*INSTRUCTIONS FOR THE TASK*: An exact copy of the entries below is needed, with every picture left out.

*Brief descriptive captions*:
▬▬▬▬▬▬

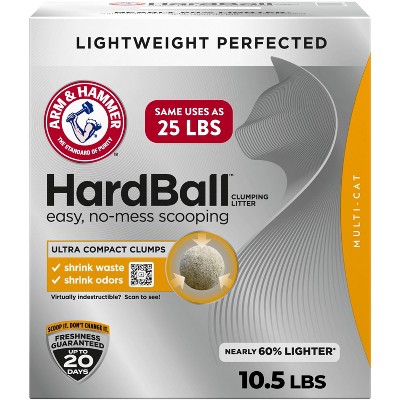 Arm & Hammer Hardball Clumping Cat Litter - 10.5lbs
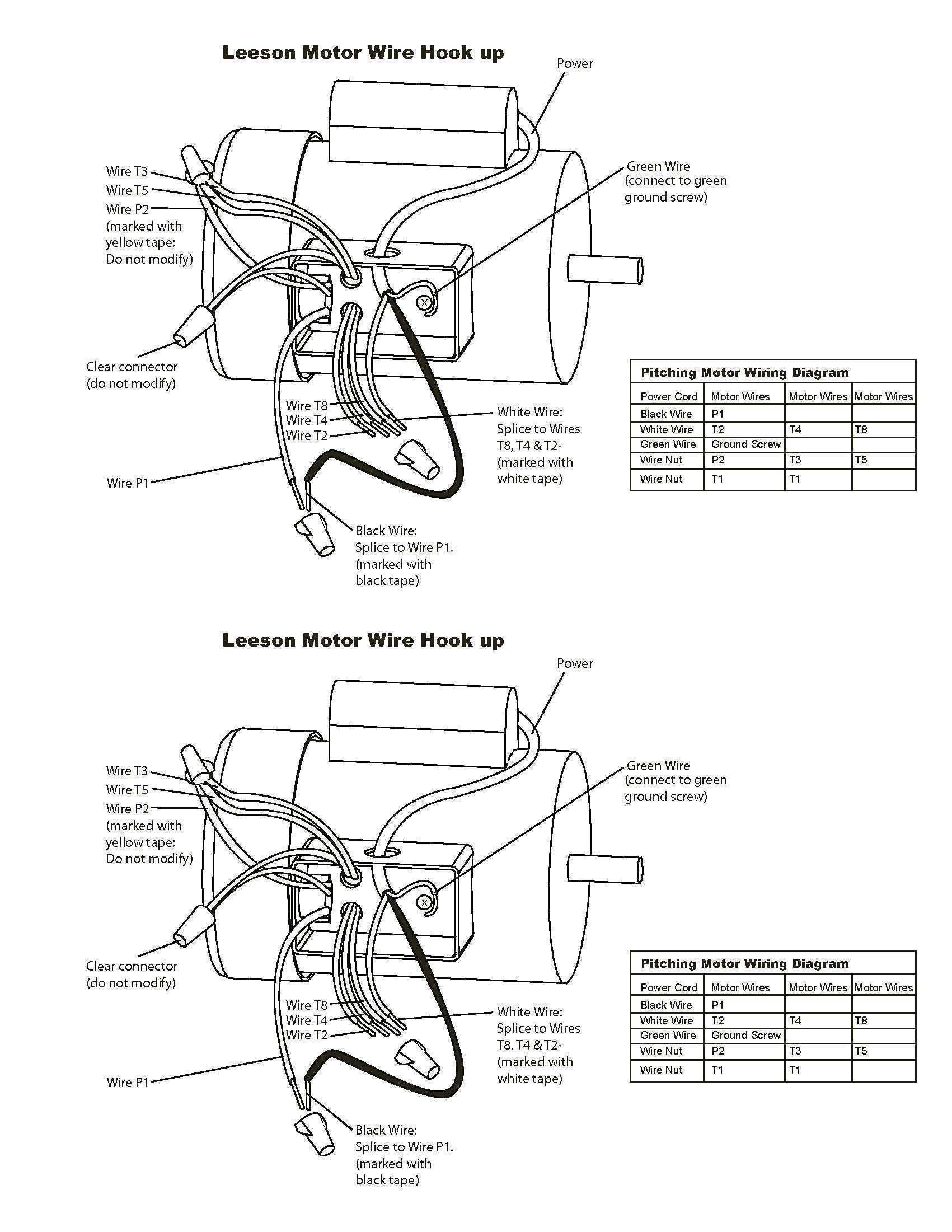Electric Motor Wiring Chart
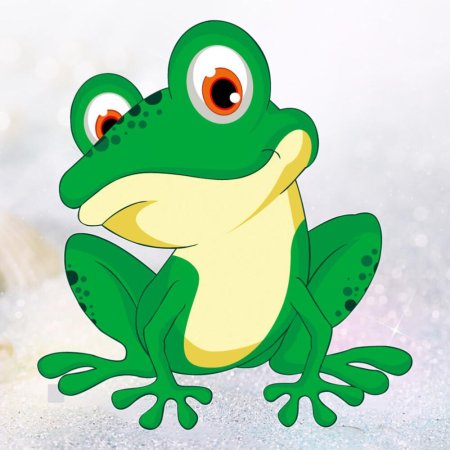 Рисунок лягушка для детей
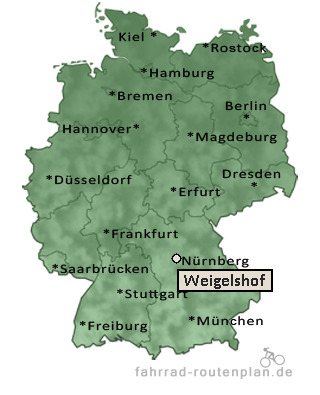 Entfernung Weigelshof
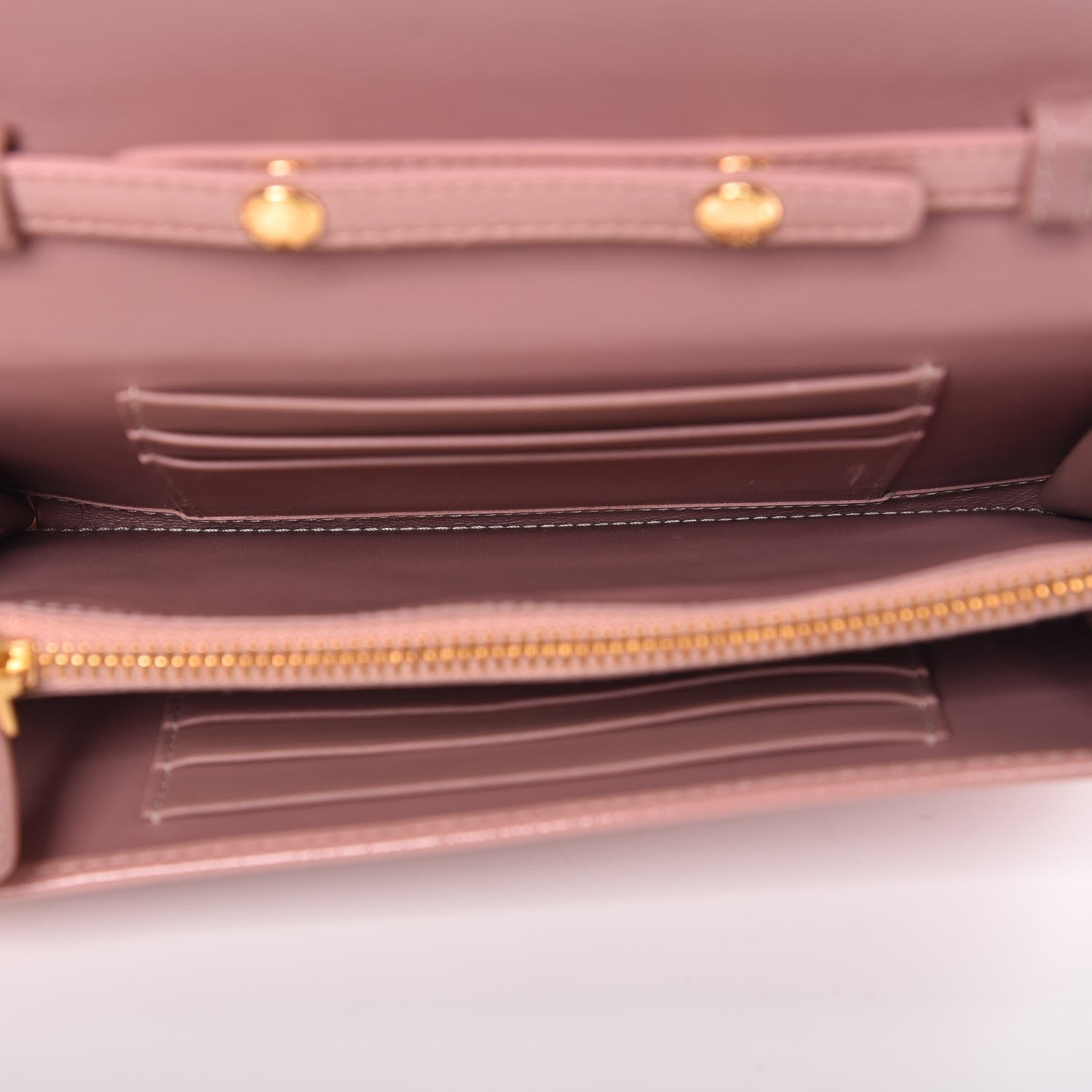 Prada Saffiano Vernice Flap Wallet With Strap Orchidea 5 of 8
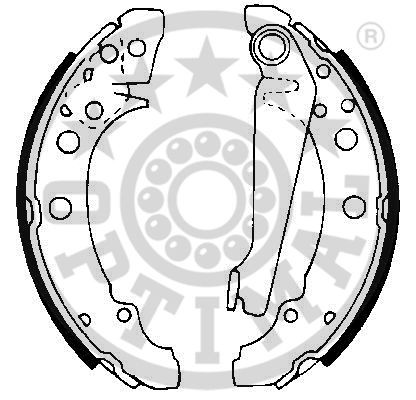 Комплект тормозных колодок BB-0450 OPTIMAL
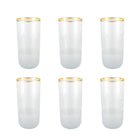 Nisha High Water Glasses Set of Six Elegant Table Decor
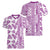 Hawaii Women V Neck T Shirt Aloha Tropical Plants Tribal Pattern Pink Version LT03 - Polynesian Pride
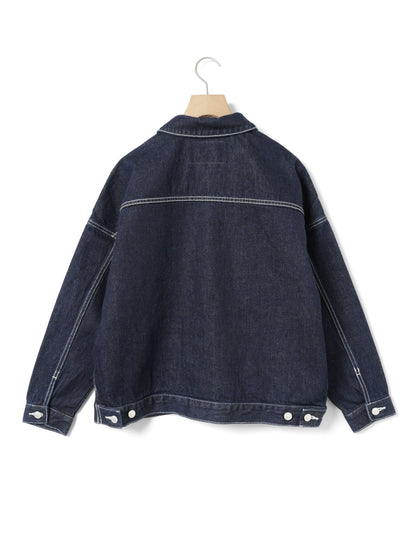 3-770312　wide denim jacket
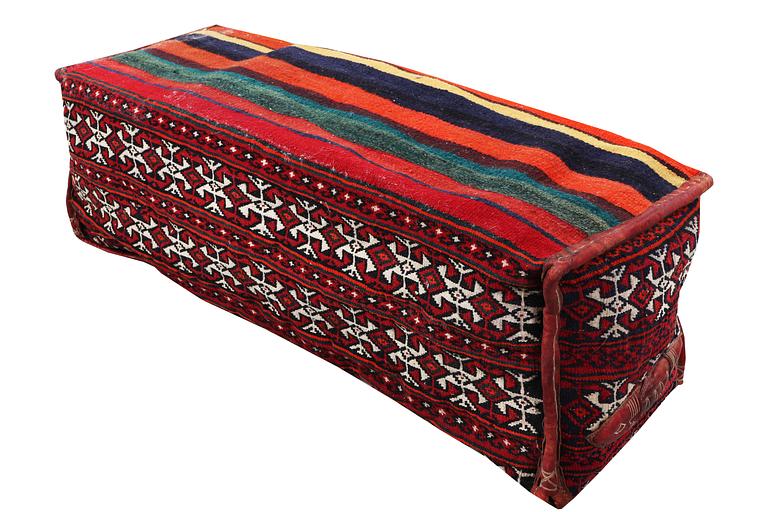 A Kilim mafrash, c. 106 x 37 x 35 cm.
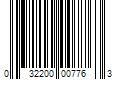 Barcode Image for UPC code 032200007763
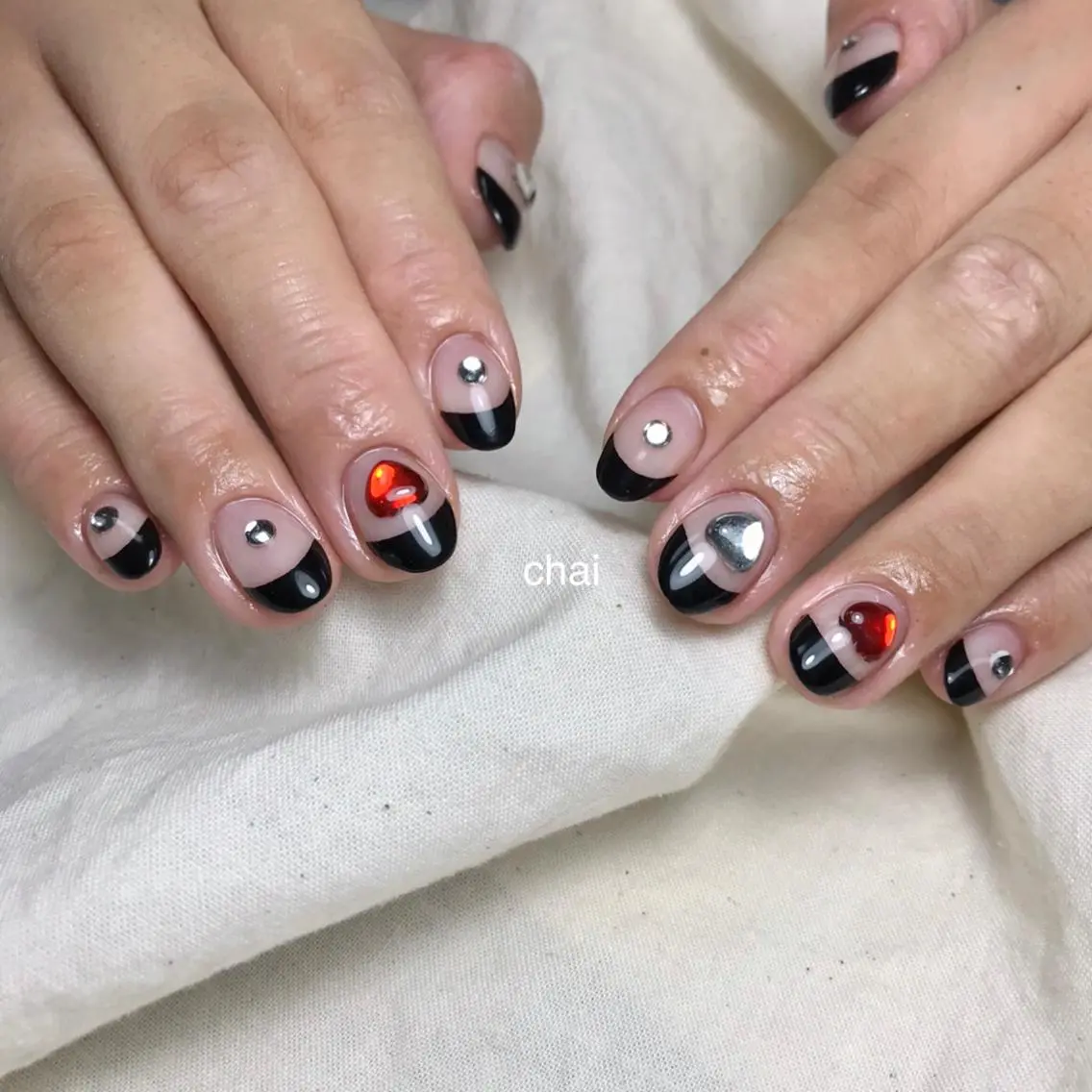ネイル ハンドネイル chai nail _ai📍鶴橋のマツエク・マツパデザイン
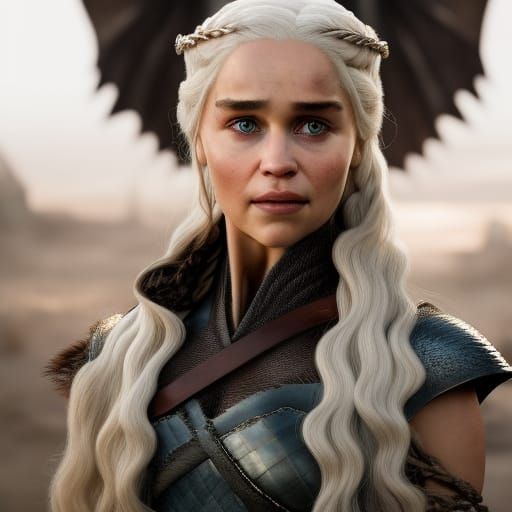 Portrait of ¨Daenerys Targaryen - AI Generated Artwork - NightCafe Creator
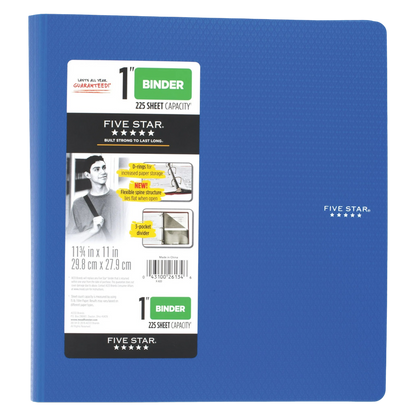 Five Star Binder 11 3/4" x 11 Assorted
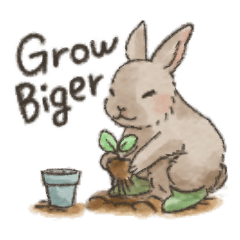 [LINEスタンプ] うさぎさんちのポタジェ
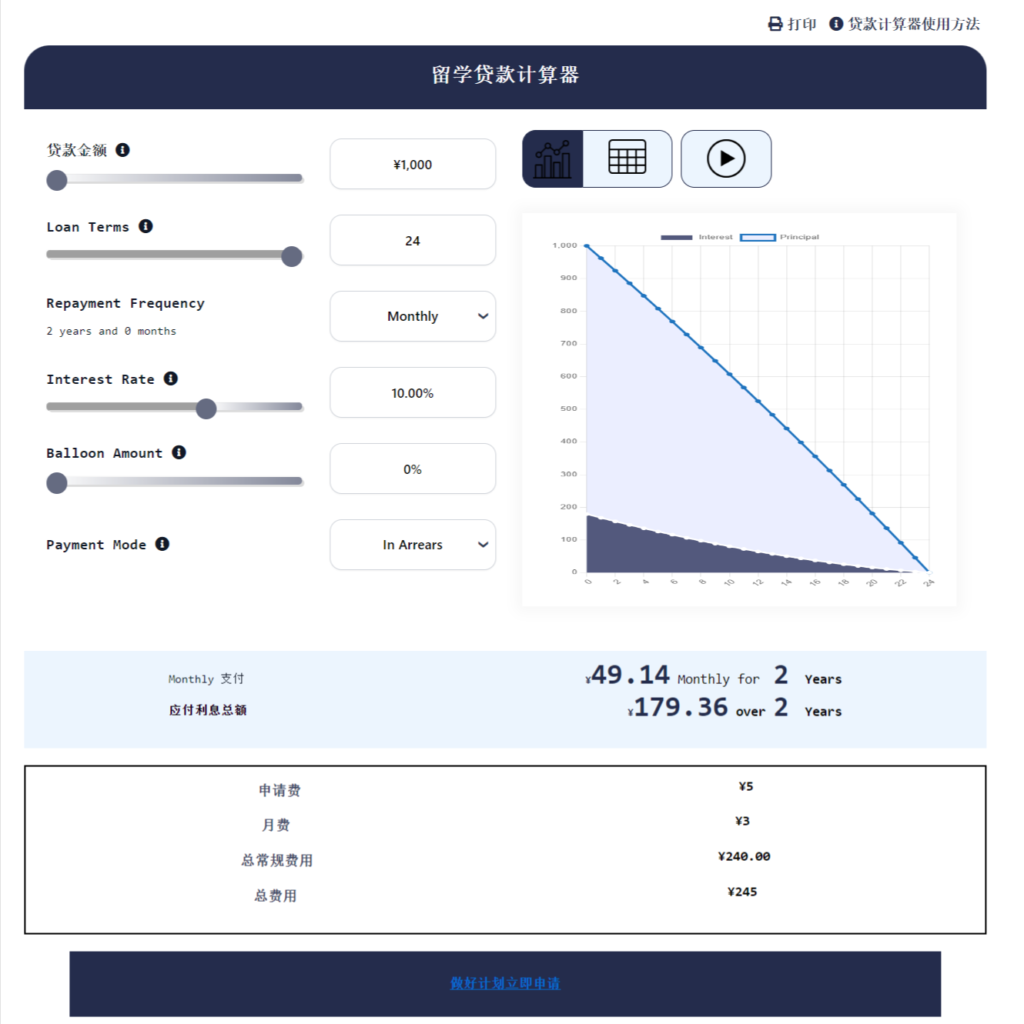 贷款计算器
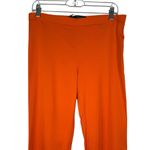Versace  Cady Bright Orange Pants IT/EU 42 Viscose Satin Bootcut Shiny US 6 Med M Photo 2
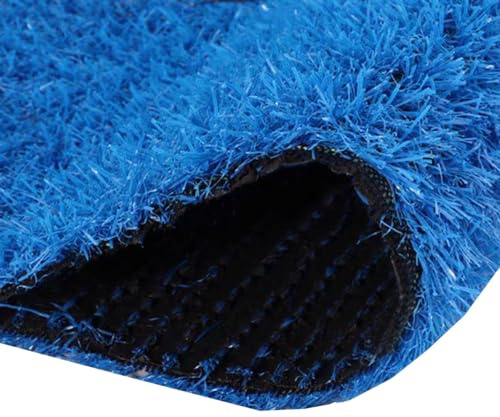 ZGHQHCDRH Césped Artificial Realista para Mascotas, 2 cm de Altura de Pelo, Color Azul, para decoración de Interiores y Exteriores, para jardín, Patio, 79 x 118 Pulgadas, Cortado a Medida.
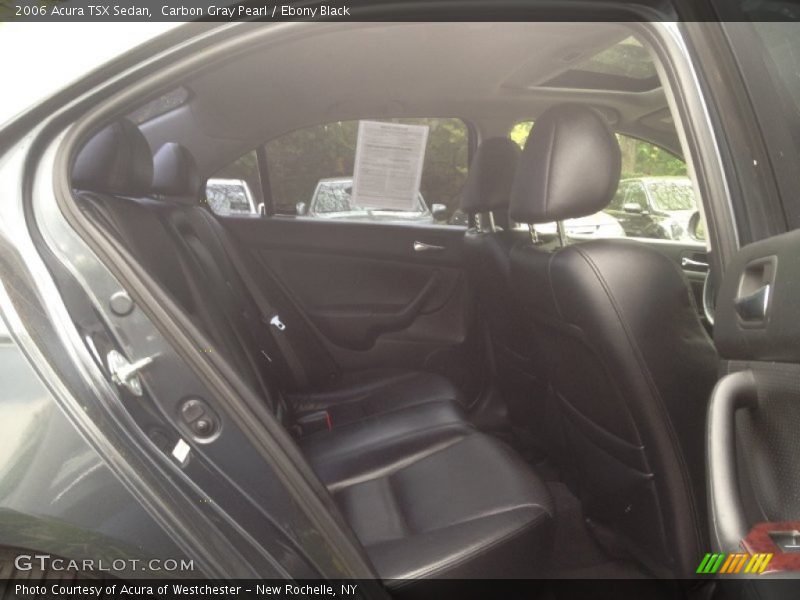 Carbon Gray Pearl / Ebony Black 2006 Acura TSX Sedan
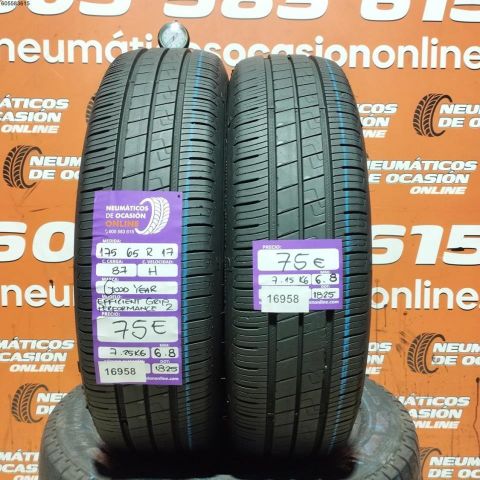 2X 175 65 R17 87H GOODYEAR EFFICIENT GRIP PERFORMANCE 2 6.8/6.8MM 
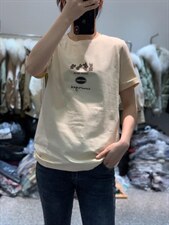 2022新款时尚潮流圆领修身百搭短袖T恤，女装T恤，L·H·X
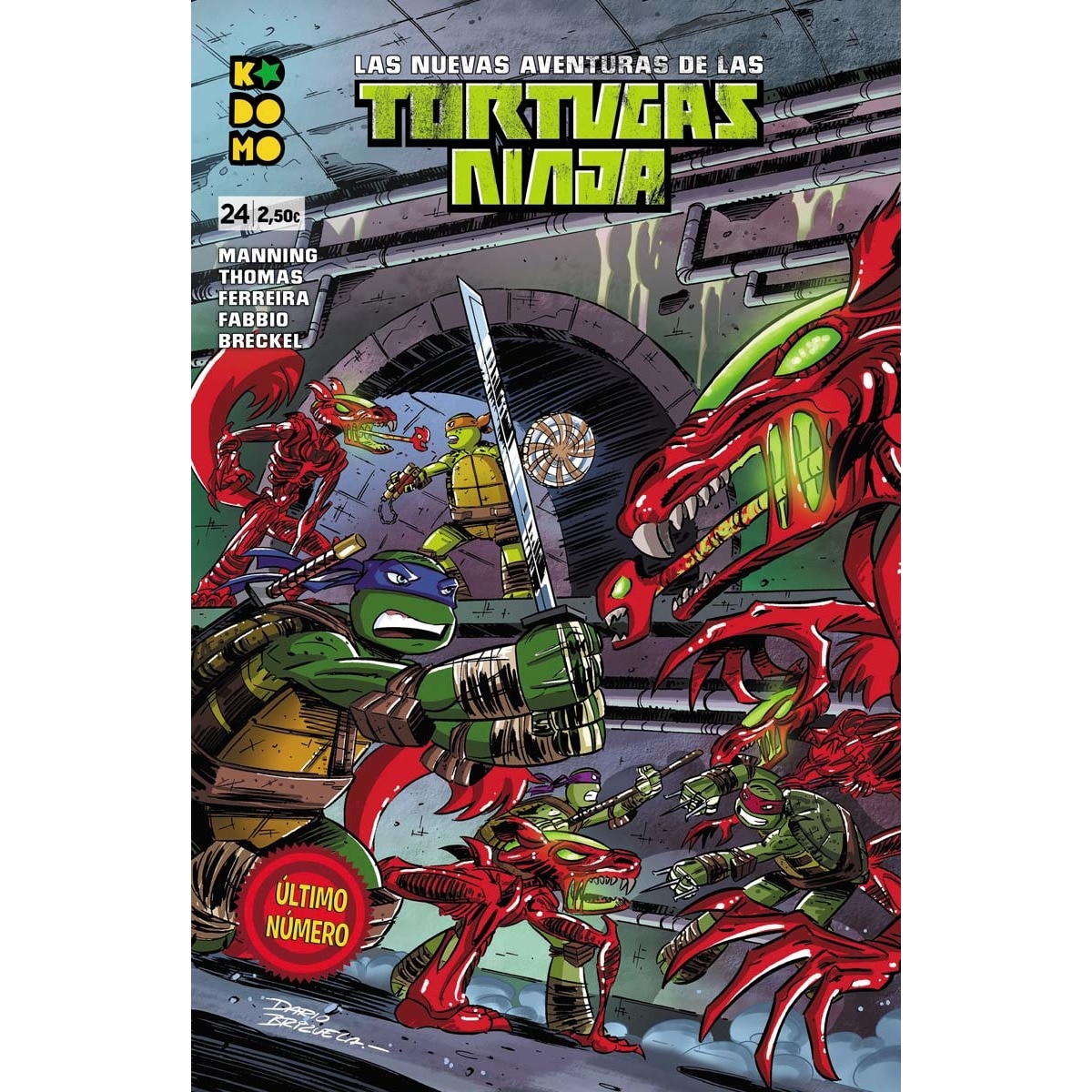 Las nuevas aventuras de las Tortugas Ninja núm. 24 (Capa mole) 1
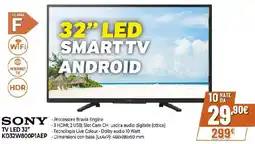Ipercoop SONY TV LED 32" KD32W800P1AEP offerta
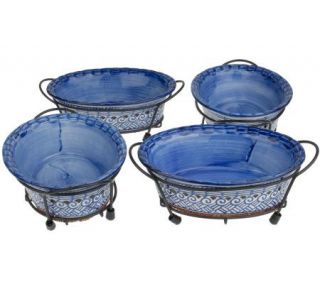 Temp tations Blue Braid 12 pc. Ceramic Oven to Table Bakeware Set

▬▬▬▬▬▬

*PROBLEM SOLUTION*:
 Arm & Hammer Hardball Clumping Cat Litter - 10.5lbs
Electric Motor Wiring Chart
 Рисунок лягушка для детей
 Entfernung Weigelshof
 Prada Saffiano Vernice Flap Wallet With Strap Orchidea 5 of 8
 Комплект тормозных колодок BB-0450 OPTIMAL
 Nisha High Water Glasses Set of Six Elegant Table Decor
 Hawaii Women V Neck T Shirt Aloha Tropical Plants Tribal Pattern Pink Version LT03 - Polynesian Pride
 3-770312　wide denim jacket
 A Kilim mafrash, c. 106 x 37 x 35 cm.
 Barcode Image for UPC code 032200007763
ネイル ハンドネイル chai nail _ai📍鶴橋のマツエク・マツパデザイン
 Portrait of ¨Daenerys Targaryen - AI Generated Artwork - NightCafe Creator
 Five Star Binder 11 3/4" x 11 Assorted
 [LINEスタンプ] うさぎさんちのポタジェ
 贷款计算器
Versace  Cady Bright Orange Pants IT/EU 42 Viscose Satin Bootcut Shiny US 6 Med M Photo 2
 ZGHQHCDRH Césped Artificial Realista para Mascotas, 2 cm de Altura de Pelo, Color Azul, para decoración de Interiores y Exteriores, para jardín, Patio, 79 x 118 Pulgadas, Cortado a Medida.
 Carbon Gray Pearl / Ebony Black 2006 Acura TSX Sedan
 2X 175 65 R17 87H GOODYEAR EFFICIENT GRIP PERFORMANCE 2 6.8/6.8MM 
 2022新款时尚潮流圆领修身百搭短袖T恤，女装T恤，L·H·X
 Las nuevas aventuras de las Tortugas Ninja núm. 24 (Capa mole) 1
Ipercoop SONY TV LED 32" KD32W800P1AEP offerta
 Temp tations Blue Braid 12 pc. Ceramic Oven to Table Bakeware Set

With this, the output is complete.